Nice article about lacrosse goalie Michael Gerbush ’09. Read the whole thing but note this section on admissions.

Lacking prep success and with a 5-foot-8 frame, Gerbush didn’t get a lot of attention on the recruiting trail. But McCormack received a tip that there was a kid on the Island who was taking his lumps, but could contribute at the collegiate level. The fact that he could get into Williams on his academics alone certainly did not hurt.

“I got a phone call from a coach who said there is a really good goalie. If you saw him in person, you might not think much of him because he’s a little guy, but you should take a look at him,” said McCormack. “So he didn’t come in with a lot of [hype], but once he got here, we were really impressed with him. And we certainly felt as though, with his consistency and demeanor of being calm and cool regardless of the situation, he was someone who could lead us to more victories than losses.”

Comments:

1) Smart observers do not trust completely a coach’s claim about who could have gotten into Williams on “academics alone,” but, with a double major in computer science and physics, it is almost impossible to believe that Gerbush is a “tip” or even a “protect.” (Useful background on terminology in this thread.)
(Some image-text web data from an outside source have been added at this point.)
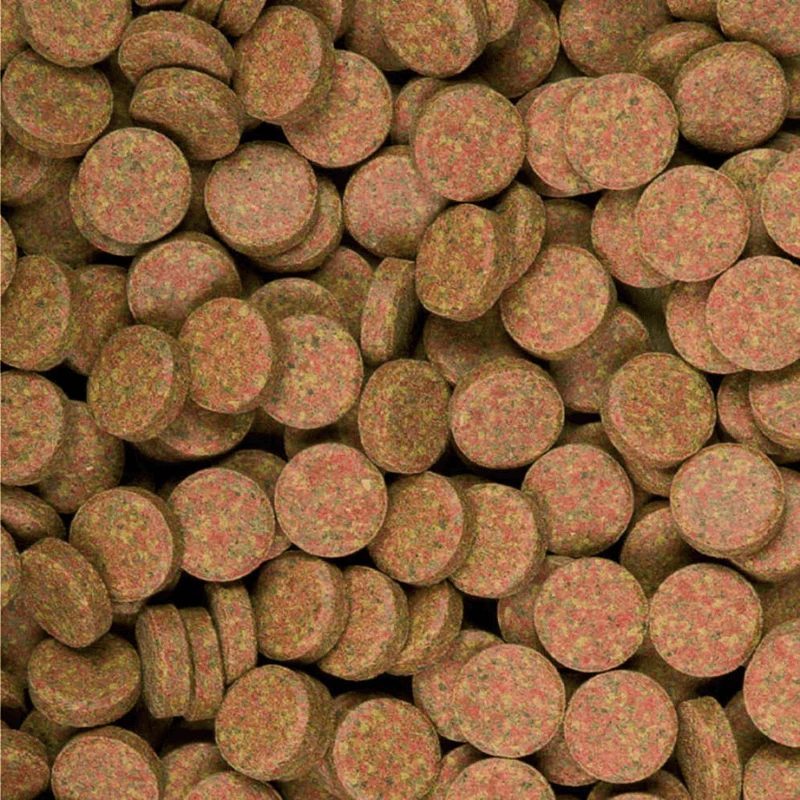 Tropical Supervit Tablets A (stick to tank) - Image 2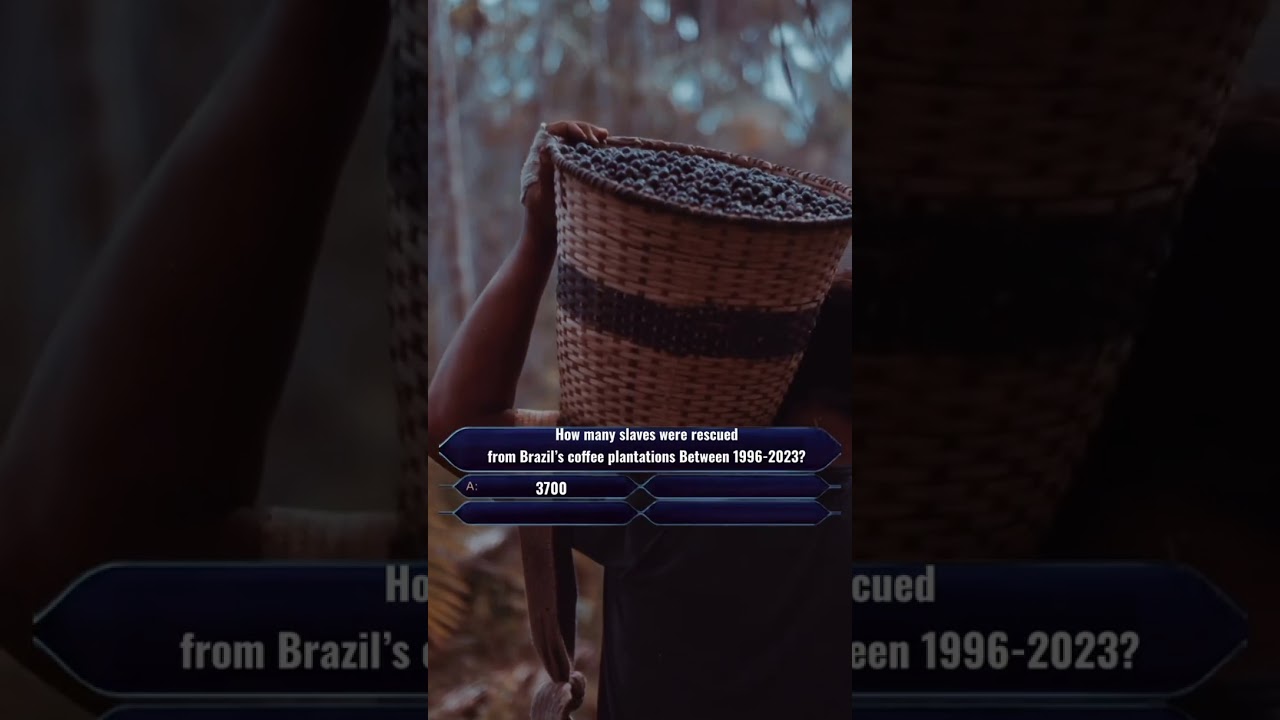 Modern slavery still taints the world’s coffee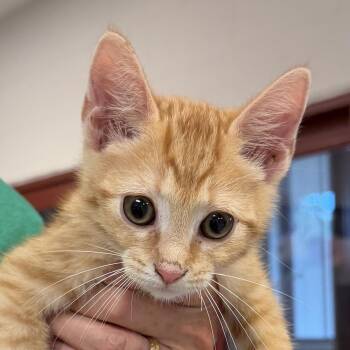 Strife -  Domestic Short Hair Cat for Adoption in Slidell, Louisiana - Strife | PetCurious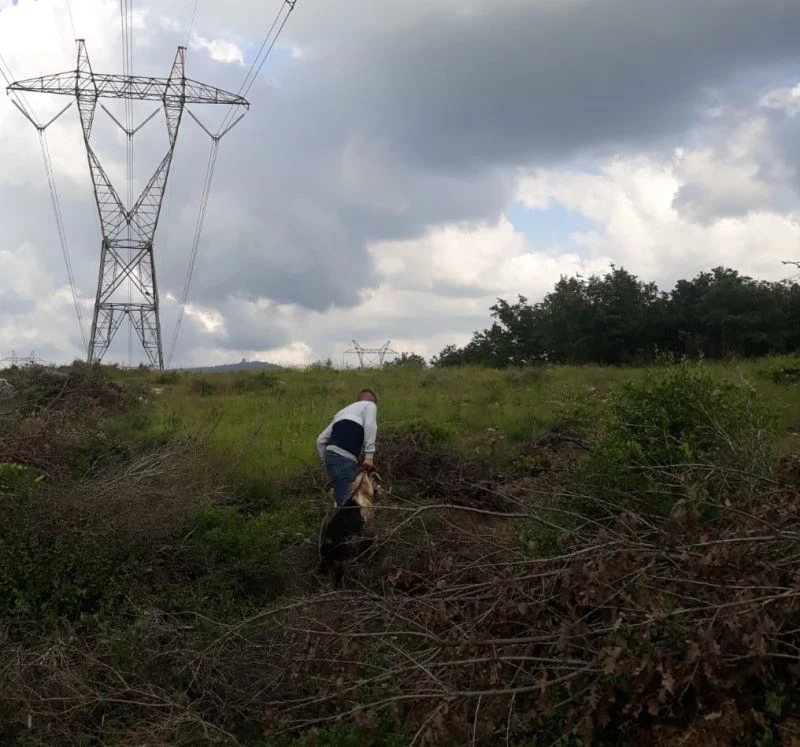 Mağaraya düşen keçi için zorlu kurtarma operasyonu
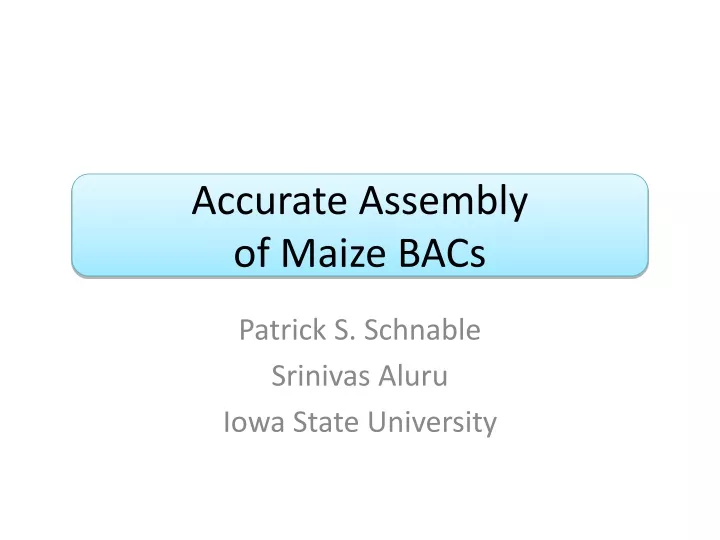 accurate assembly of maize bacs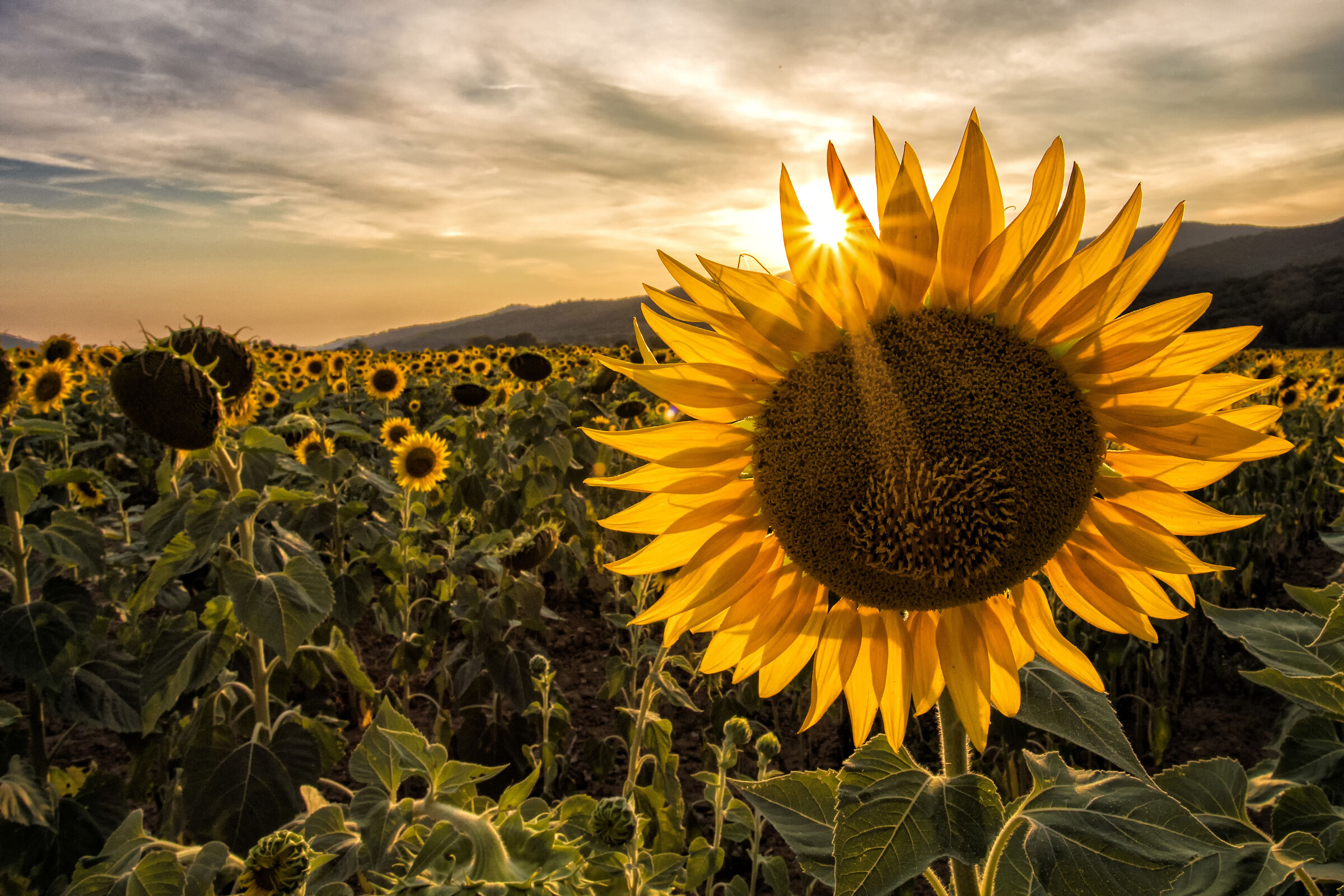 Sun behind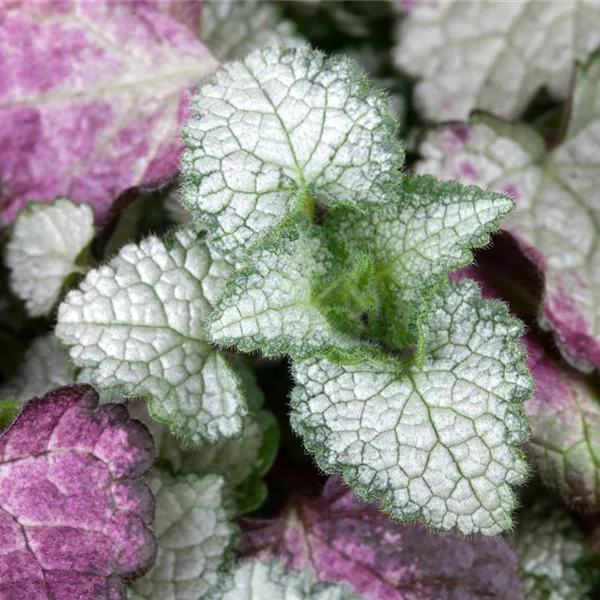 Gefleckte Taubnessel 'White Nancy'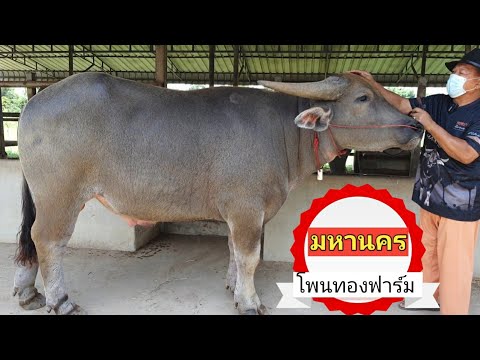 มหานคร-โพนทองฟาร์ม-สุดยอดอนาคต มหานคร-โพนทองฟาร์ม-สุดยอดอนาคต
2) Note the second order effects that Morty’s increase in admissions standards for athletes has on the process. In the old days, the unnamed high school coach might never have mentioned Gerbush to men’s lacrosse coach George McCormack. Why bother when McCormack is just going to use his large number of tips and extensive leeway to just find the best possible goalie, without worrying too much about high school academics? But McCormack no longer has as much freedom as he did in the pre-Morty era. He has fewer tips/protects and the standards for them are higher. So, he is desperate to find at least a few players who don’t require admissions help. The tipster knows this (and, I assume that McCormack tells everyone what he is looking for, like any good college coach) and so mentions Gerbush. Presto! Williams now has one more varsity athlete with academic credentials in the mainstream of the rest of the student body.

3) Note, again, how former baseball coach Dave Barnard predicted that high profile mens sports like lacrosse would never win another NESCAC championship because of the rise in admissions standards. Turns out, he was wrong. Baseball, basketball and lacrosse have all won championships in an era when their athletes include more students like Gerbush and fewer (what is the polite term?) lunkheads. Good stuff! It is still unclear (to me) why this is happening. Isn’t it almost tautological to predict that, if Morty raises admissions standards for Williams athletes, then Williams sports teams will do less well? And, yet, that does not seem to have happened.

Possible explanations: First, it could be that other schools have raised their standards as well. (Contrary opinion on the “Nesbitt Net” here.) Second, this could just be some random luck. Third, it could be that Williams coaches are not that good at identifying athletic talent, at least within narrow bounds. So, back in the day, Coach McCormack looked at a few goalies and picked the one that he thought best, even if that goalie had suspect academics (or, at least, what Morty would consider suspect academics). Now, McCormack is “stuck” with someone like Gerbush, but, it turns out, Gerbush is just about as good as the lunkhead that McCormack would have picked if Morty had not raised the standards. Fourth, it could be that the sort of second-order effects that have brought applicants like Gerbush to Williams (when, in the pre-Morty era, coaches weren’t even aware of them) have allowed Williams to maintain its athletic standards, on average, while raising the academic profile of its athletes.

Your thoughts? And, yes, there is a great senior thesis to be written on this topic.